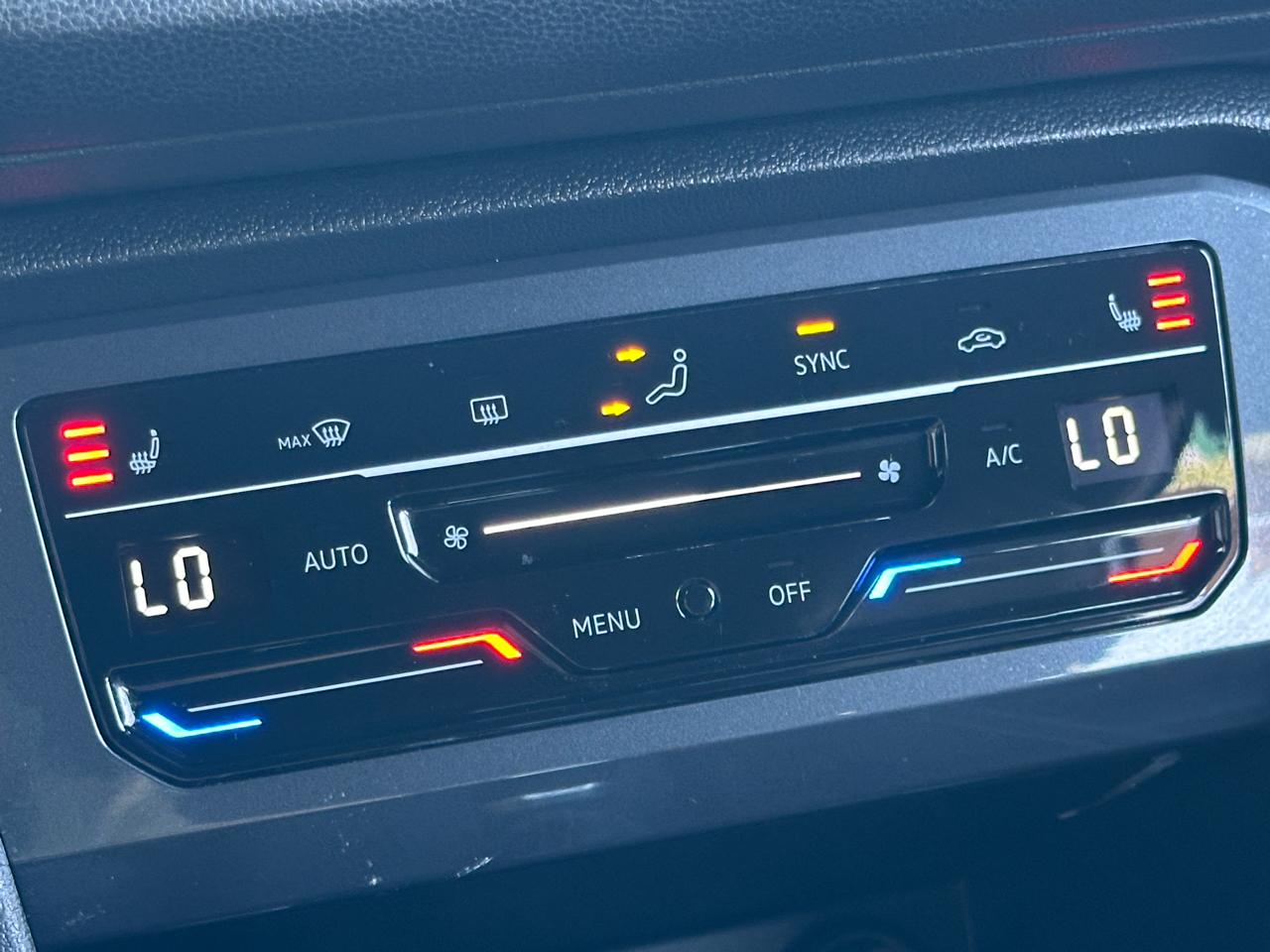 Volkswagen Tiguan 2.0T SE R-Line Black FWD 2022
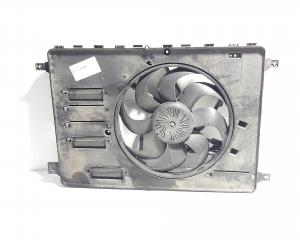 Electroventilator, cod 6G91-8C607-GG, Ford Mondeo 4 Turnier 2.0 TDCI, UFBA (id:679893)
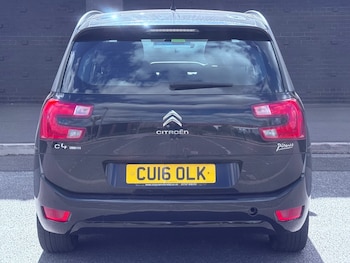 Used Citroen Grand C4 Picasso 2016 for sale - 78594672: Photo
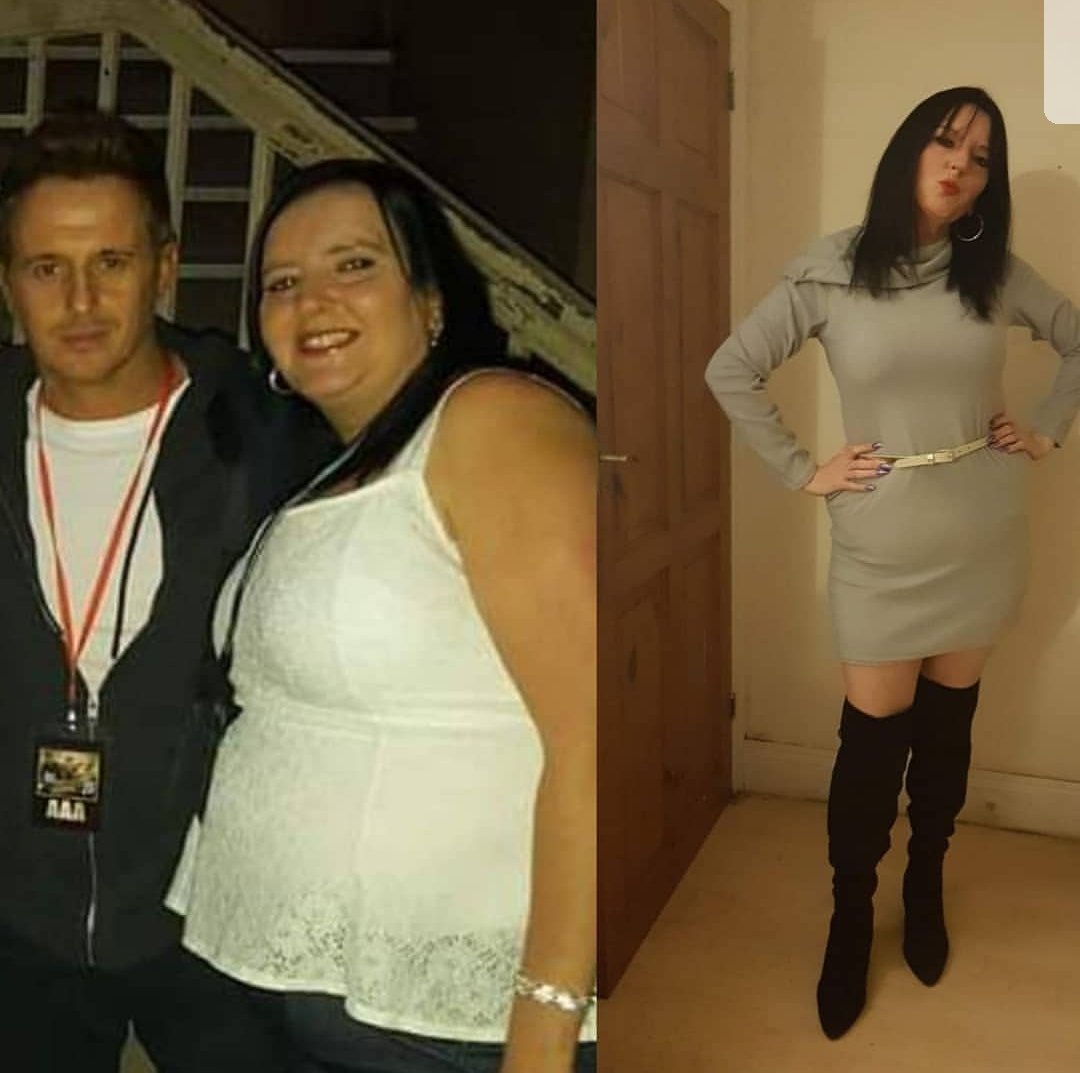 gemmapatrick1's tweet photo. Anything is possible (taken 2 and a half years apart) still a work in progress 👌 https://t.co/Fw2NPNOKTq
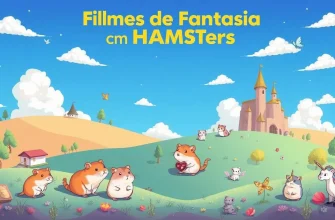 10 Filmes de Fantasia com Hamsters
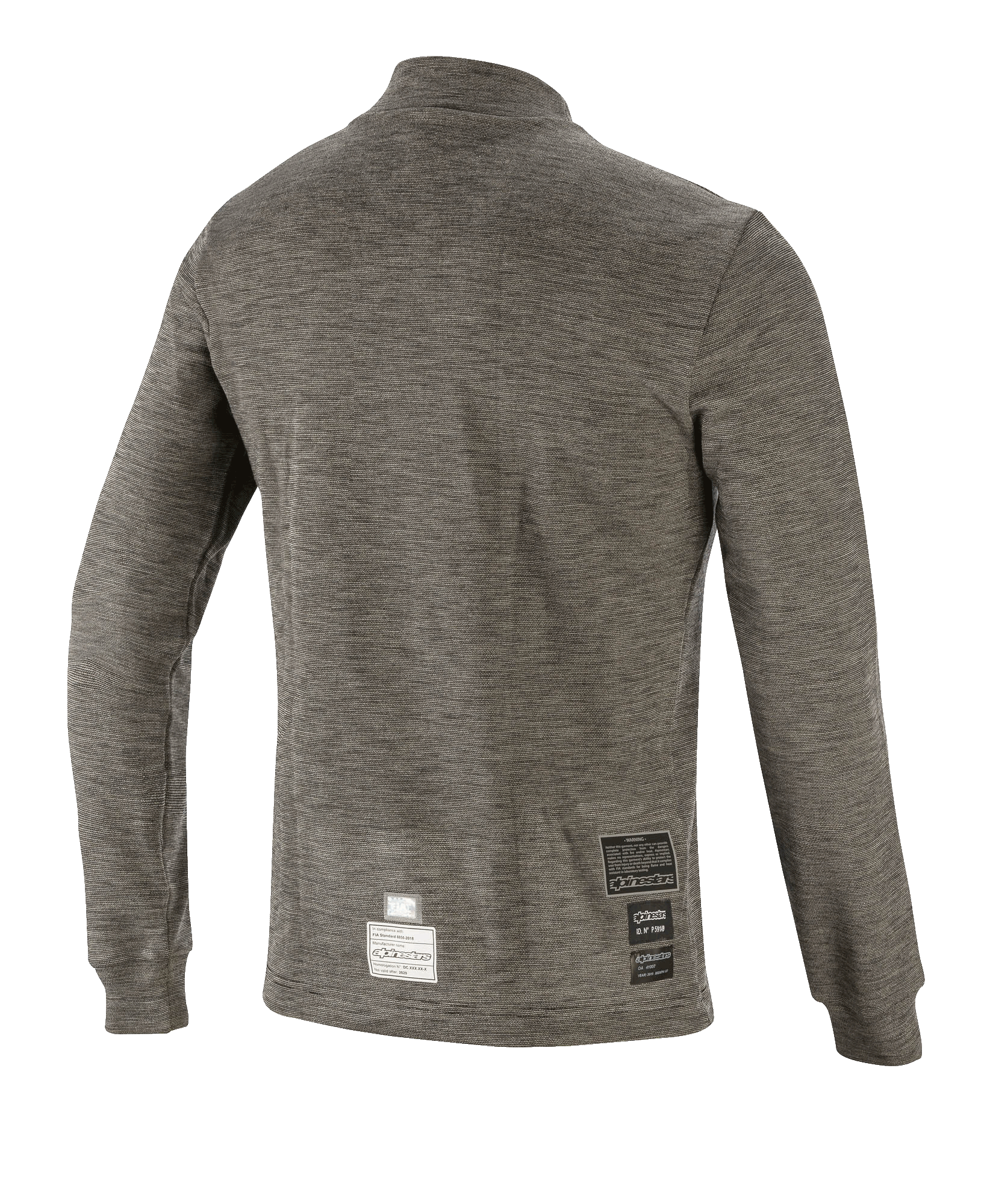 Race V3 Long Sleeve Top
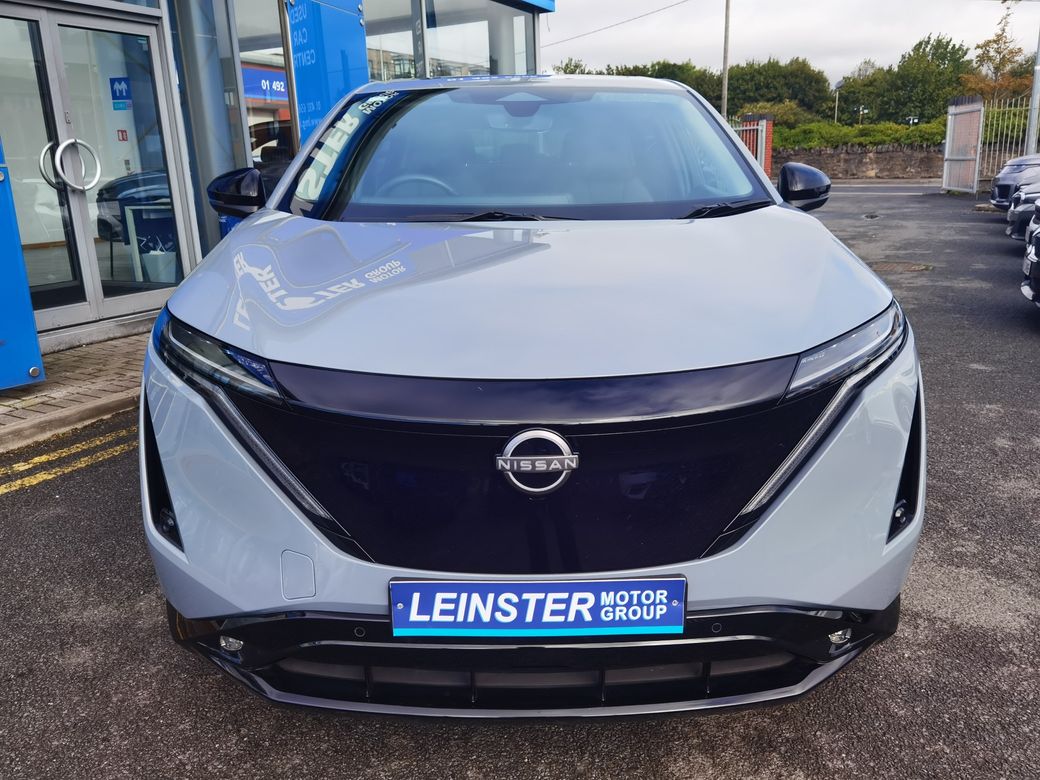 2024 Nissan Ariya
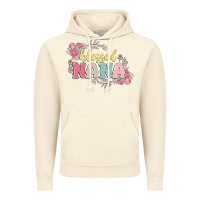 Vintage Artic blessed nana Vintage Hoodie - MaliasSmallBusiness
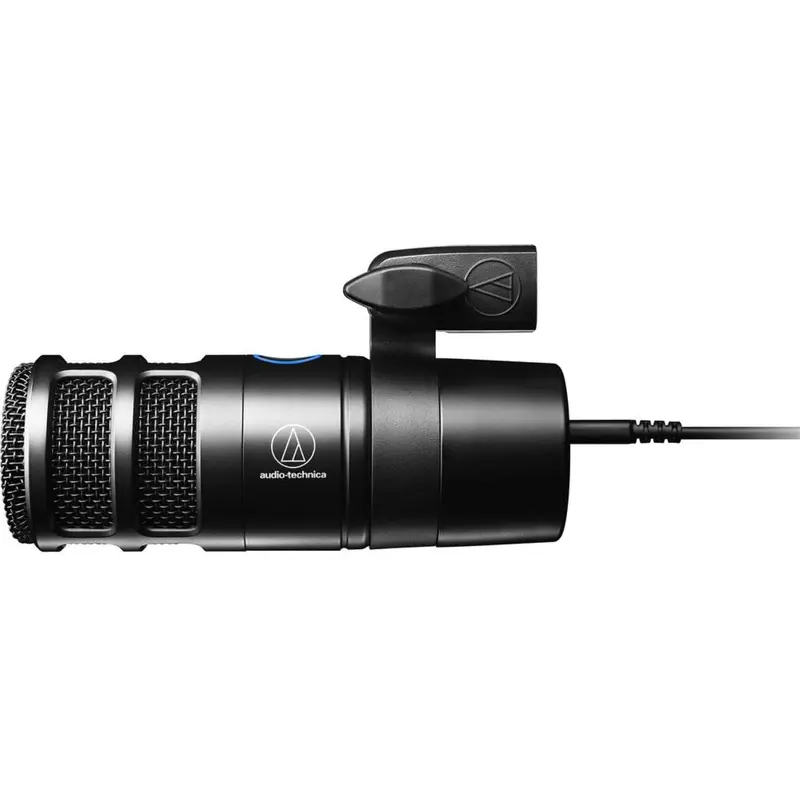 Audio-Technica AT2040USB USB Dynamic Microphone for Content Creation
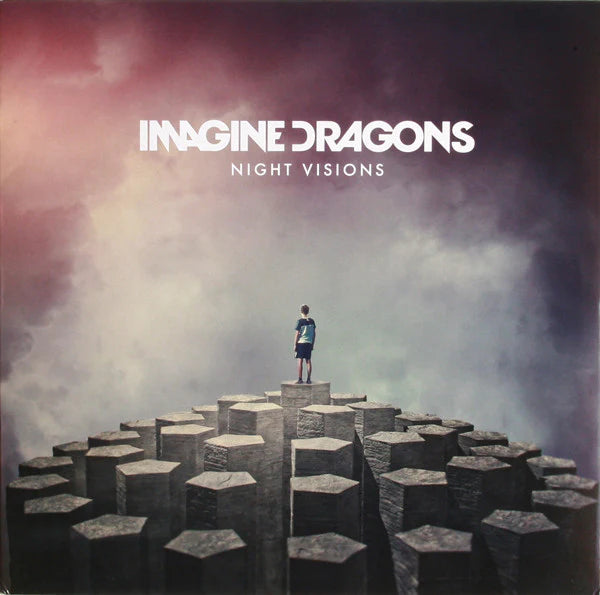 Imagine Dragons - Night Visions (SECONDHAND)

Task objective —
Give back only the lines from the one that carries "2024 Nissan Ariya" through the final line above, both included. Drop all pictures.

Solution to the problem —
 2024 Nissan Ariya
 Vintage Artic blessed nana Vintage Hoodie - MaliasSmallBusiness
 Audio-Technica AT2040USB USB Dynamic Microphone for Content Creation
 Imagine Dragons - Night Visions (SECONDHAND)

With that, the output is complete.